For heart repair, call RNA
After attack, small molecules help contracting cells regenerate in mice
When people suffer a heart attack, they can’t regrow muscle cells that have died after being deprived of oxygen. But mice injected with small RNA molecules following heart attacks do regenerate cardiac muscle, researchers report in the March 18 Science Translational Medicine.
Scientists knew that a cluster of microRNAs, tiny molecules that keep genes from being turned on, are active in animal embryos at the same time that heart cells grow and divide. The RNA suppresses signals that tell organs to stop making new cells, a team of American and Chinese researchers found.
When the researchers deleted the microRNA group in mouse embryos, the rodents had less cell growth during the early stages of development. Making the microRNAs more active led to mice born with overlarge hearts.
The researchers then switched on production of the RNA molecules in adult mice that had suffered heart attacks. The rodents grew back heart muscle cells and had little scarring, which normally prevents the healing heart from contracting well.
After six to 12 weeks, though, the rodents’ hearts failed. “The muscle cells would continue to want to divide, and dividing cells don’t contract as well as nondividing cells,” says study coauthor Edward Morrisey, a developmental biologist at the University of Pennsylvania.
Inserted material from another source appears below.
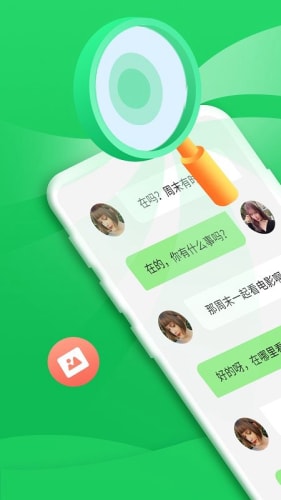 微信聊天恢复器手机版图1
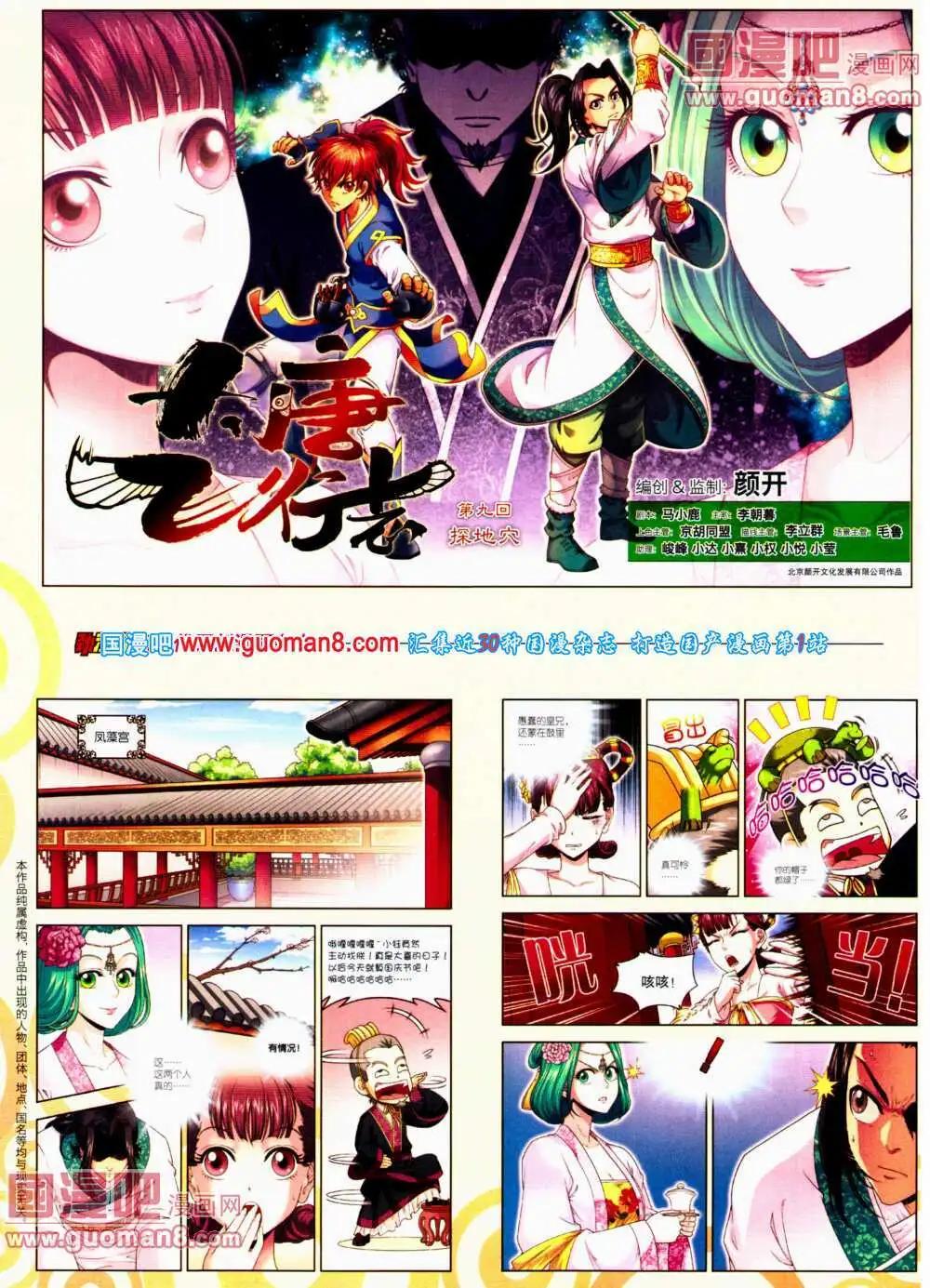 🍴劲漫画 第23期 全本 第42页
But when Morrisey and his team injected post–heart attack mice for seven days with short-lived molecules that simulate the effects of the microRNA, most of the animals survived.
“This is probably going to be a very useful way to promote cardiac regeneration, but the timing of it’s going to be really critical,” Morrisey says. “You’re going to want to do it for a very short window of time after cardiac injury.”
Next, Morrisey wants to see if the technique works in larger animals such as pigs.